Pictures are to be excluded. Please print only the lines from the one containing "Andoer K521 Mini" through the end of the data, exactly as they appear.
***** EXERCISE DATA
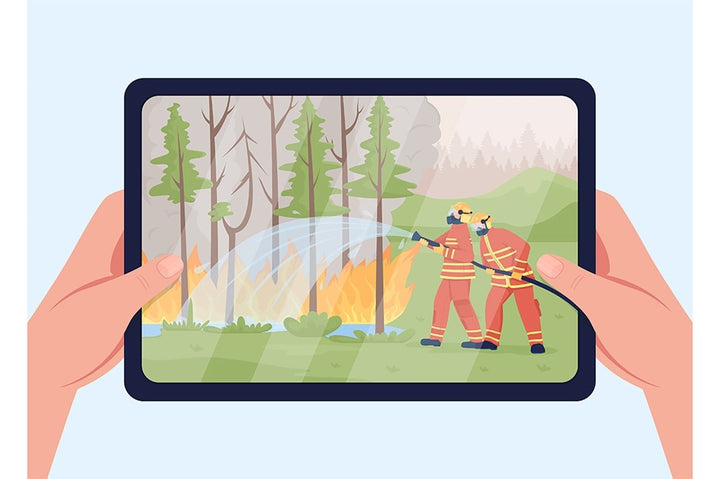 Emergency situations color vector illustration set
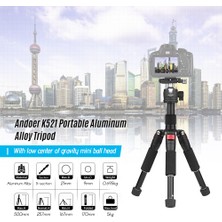 Andoer K521 Mini Top Başlı Taşınabilir 5 Bölümlü Uzatılabilir Tripod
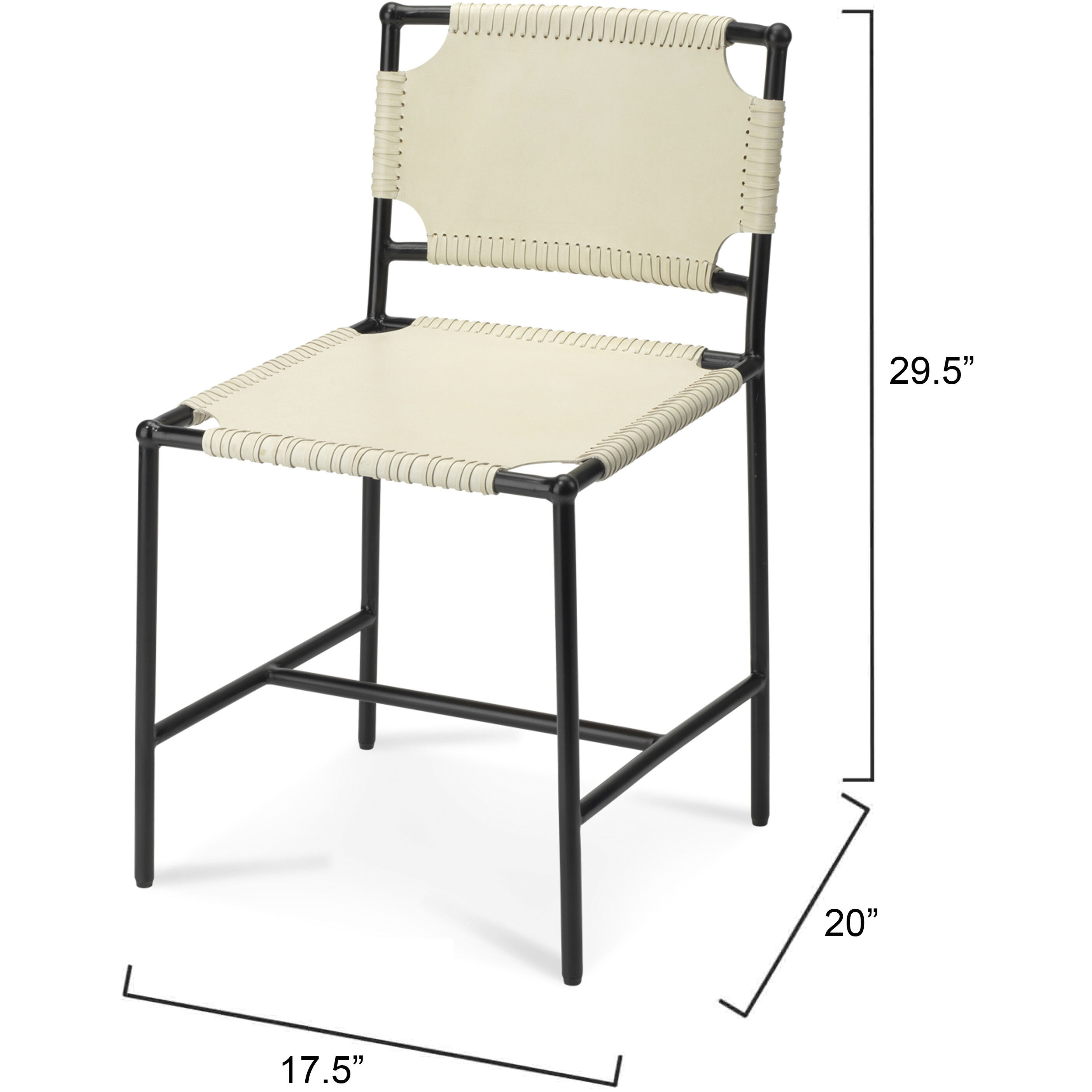 Asher Off White Leather & Black Forged Iron Dining Chair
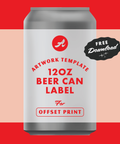 12 ounce beer can label artwork template for offset print - free download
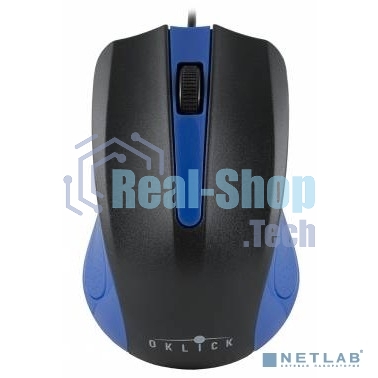 Мышь проводная Oklick 225M черный/синий, 1200 dpi, USB, кнопки - 3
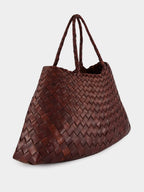 Santa Croce Small Handwoven Brown Leather Tote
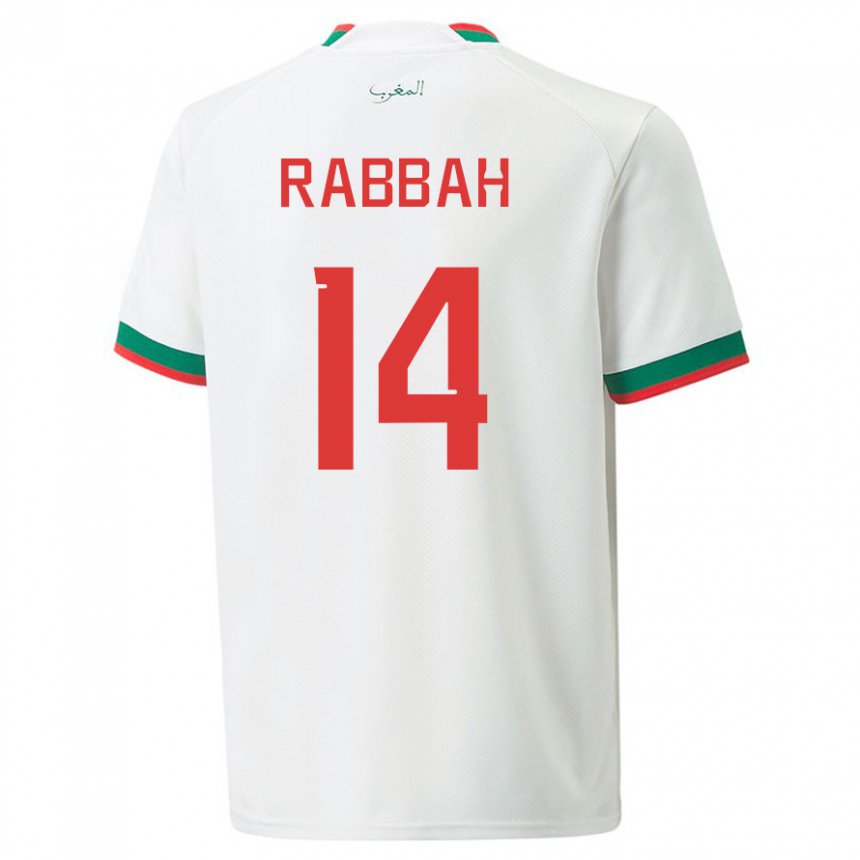 Dzieci Maroka Aziza Rabbah #14 Biały Wyjazdowa Koszulka 22-24 Koszulki Klubowe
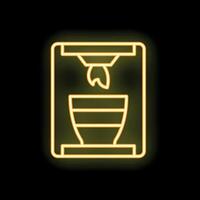 Neon yellow coffee machine preparing espresso using paper filter vector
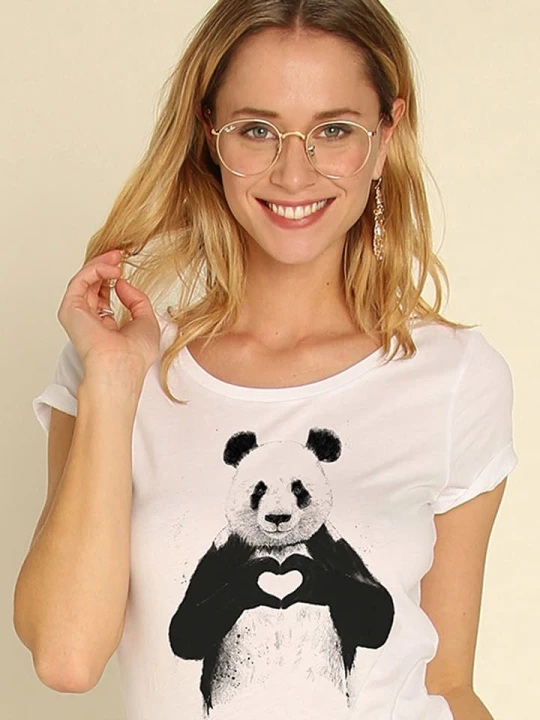 Zdjęcie produktu WOOOP Koszulka "Love Panda" w kolorze białym rozmiar: S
**********
* RESPONSE BOX
 Andoer K521 Mini Top Başlı Taşınabilir 5 Bölümlü Uzatılabilir Tripod
 Asher Off White Leather & Black Forged Iron Dining Chair
 12 ounce beer can label artwork template for offset print - free download
 Мышь проводная Oklick 225M черный/синий, 1200 dpi, USB, кнопки - 3
 Santa Croce Small Handwoven Brown Leather Tote
 Dzieci Maroka Aziza Rabbah #14 Biały Wyjazdowa Koszulka 22-24 Koszulki Klubowe
 Neon yellow coffee machine preparing espresso using paper filter vector
 Zdjęcie produktu WOOOP Koszulka "Love Panda" w kolorze białym rozmiar: S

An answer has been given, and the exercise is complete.